Records to use ::
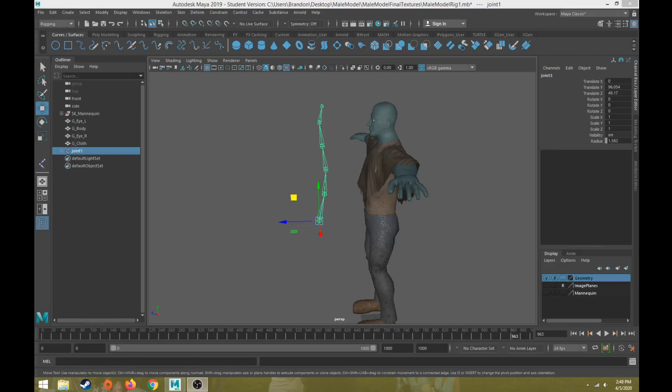Hi everybody, this will be part three in the character rigging tutorial series. Last video we discussed how to create joints and the two major ways that we can create joints, as well as some guidelines to follow as you're creating joints.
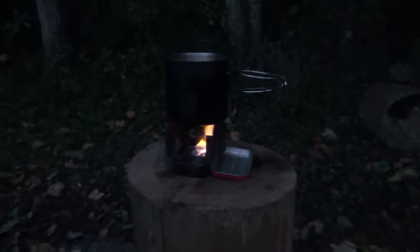And there it is. It's burning nice and hot. Hello, welcome to Waypoint Survival. Today, I want to show you how to make a Mini Altoids alcohol stove that fits in the system that I showed you in the last couple of videos. Stay tuned.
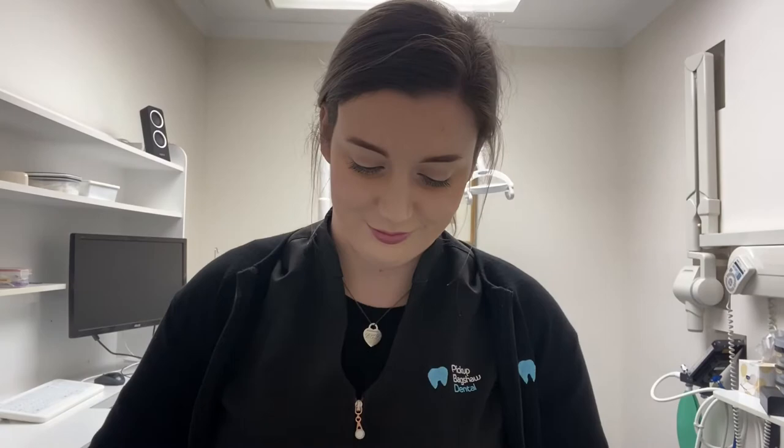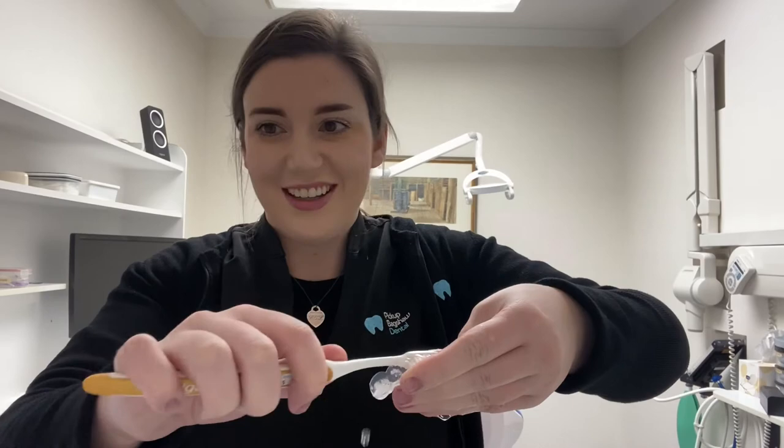My teeth now feel free of any excess whitening gel. What I'm going to do now with my whitening trays is grab the same toothbrush and clean off the trays of any excess residue. They are still a little bit wet but they're clean and free of all the residue. I'm going to put them back in my personalized Pick Up Bags for Dental case.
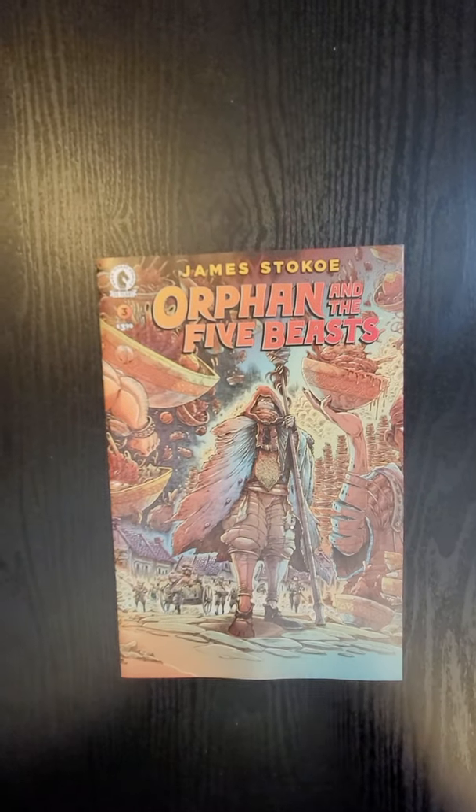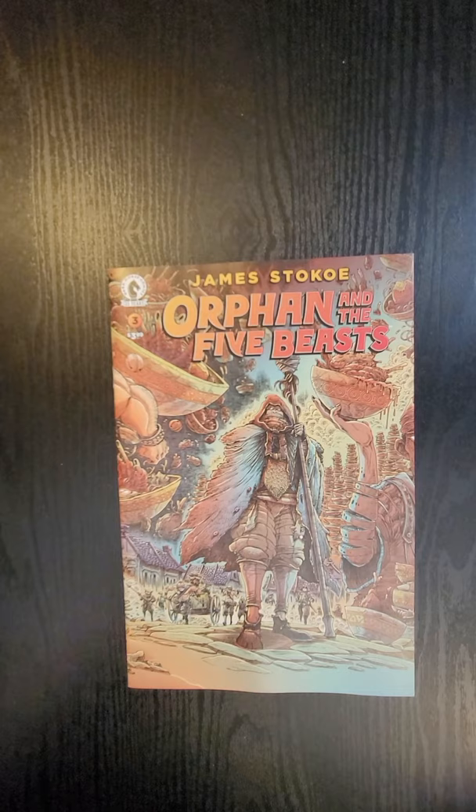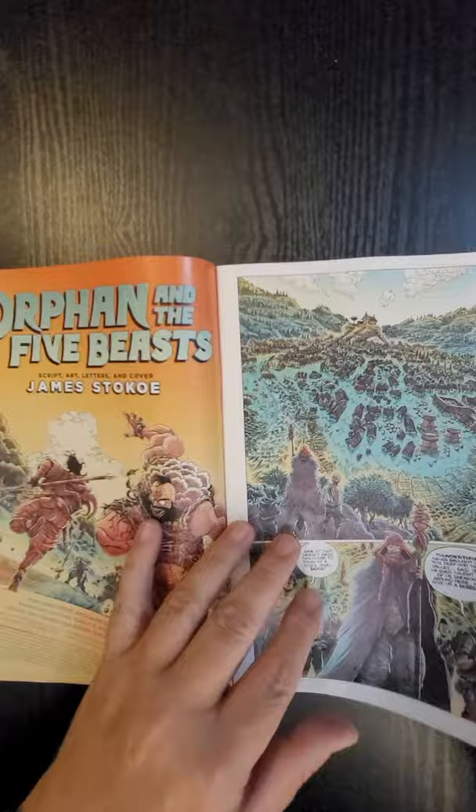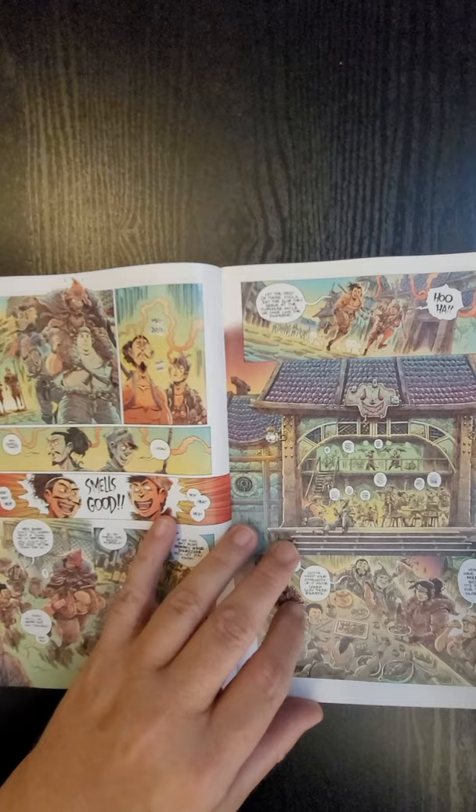Hi everybody, this is Dennis from the Dennis and Andy show. I'm going to do a quick flip of Orphan and the Five Beasts, issue number three from Dark Horse Comics. James Stokoe did this, pretty much did it all. It's been a while since this book's come out, so it's very exciting to see it. You can go and check out my previous flips and reviews on it.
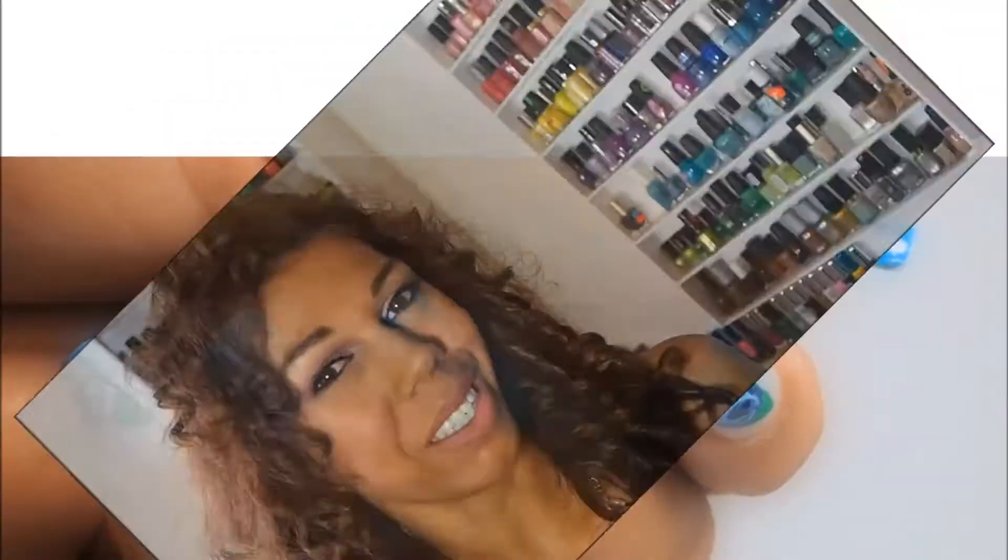Hey everybody, this is Jessica from My Null Addiction on Instagram. I wanted to do another tutorial for you today. This time it's a blue vintage floral design that has a gradient underneath. I think you'll enjoy it.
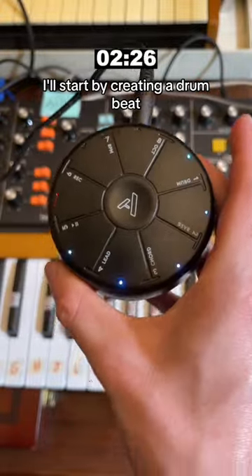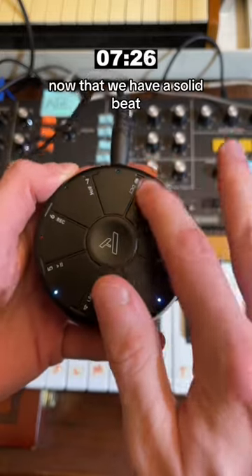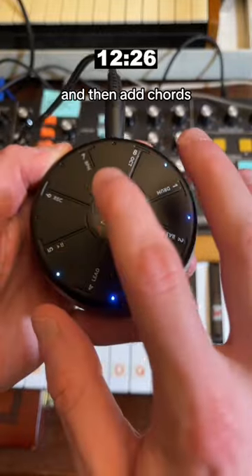I'll start by creating a drum beat, and I'm just gonna layer in a new sound every time it loops. Now that we have a solid beat, let's add a bass line. Get something groovy going, and then add chords.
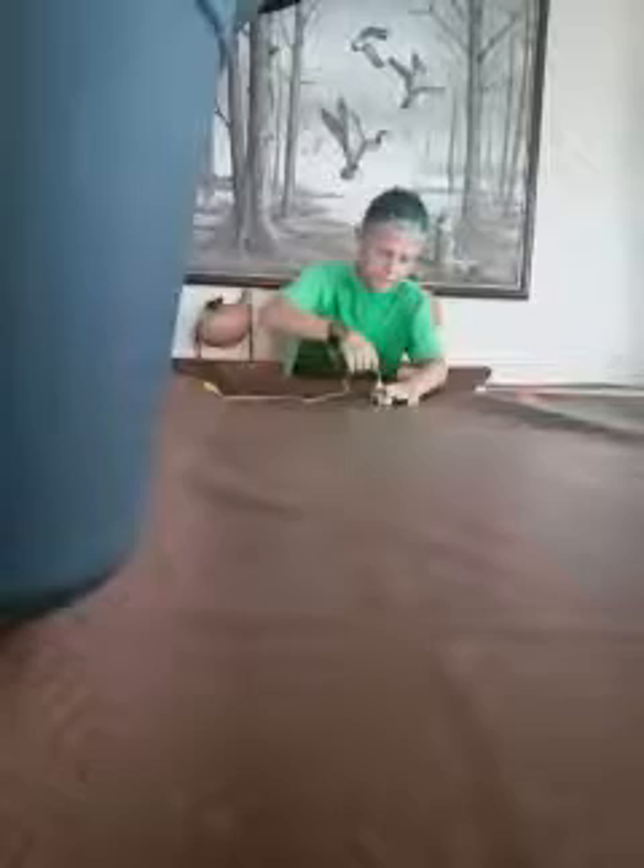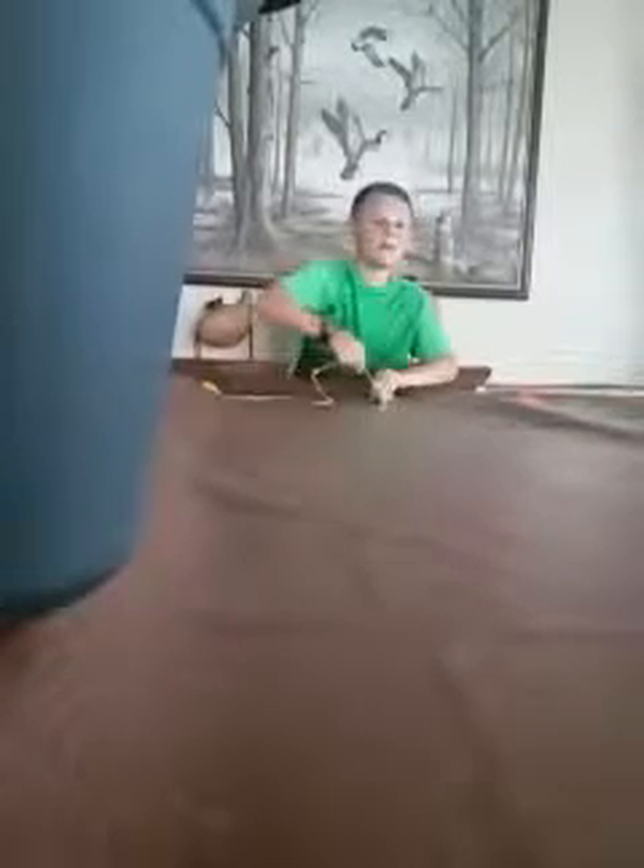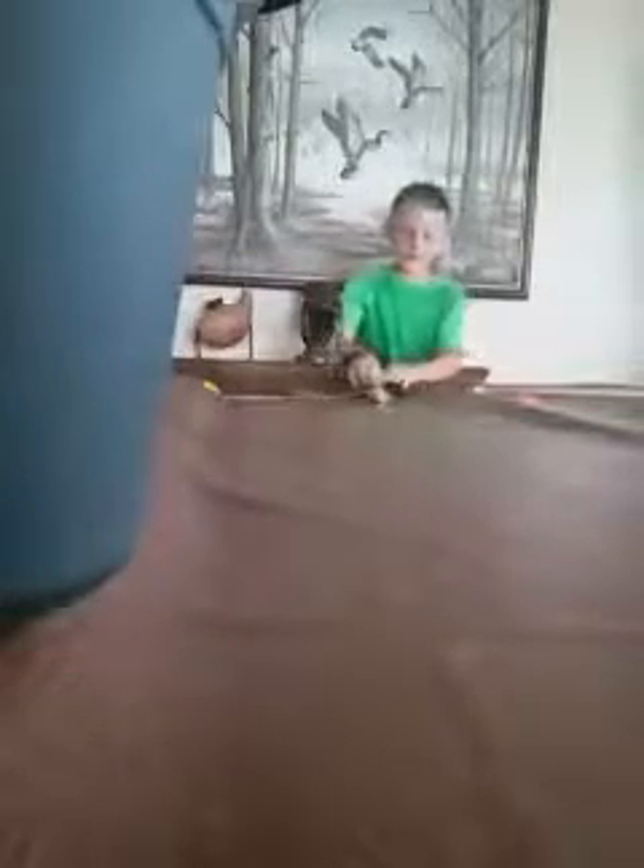Sorry for the loud noise and everything. I don't know what's going to happen, but okay guys, wait a second. Let's try and do this and see how it turns out. Ready, set, go! Oh, we did it guys!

Work to complete :: Extract from the material above the stretch running from the line containing "And there it" through the line containing "My teeth now". Keep the text exact and the pictures out.

Response below ::
And there it is. It's burning nice and hot. Hello, welcome to Waypoint Survival. Today, I want to show you how to make a Mini Altoids alcohol stove that fits in the system that I showed you in the last couple of videos. Stay tuned.
My teeth now feel free of any excess whitening gel. What I'm going to do now with my whitening trays is grab the same toothbrush and clean off the trays of any excess residue. They are still a little bit wet but they're clean and free of all the residue. I'm going to put them back in my personalized Pick Up Bags for Dental case.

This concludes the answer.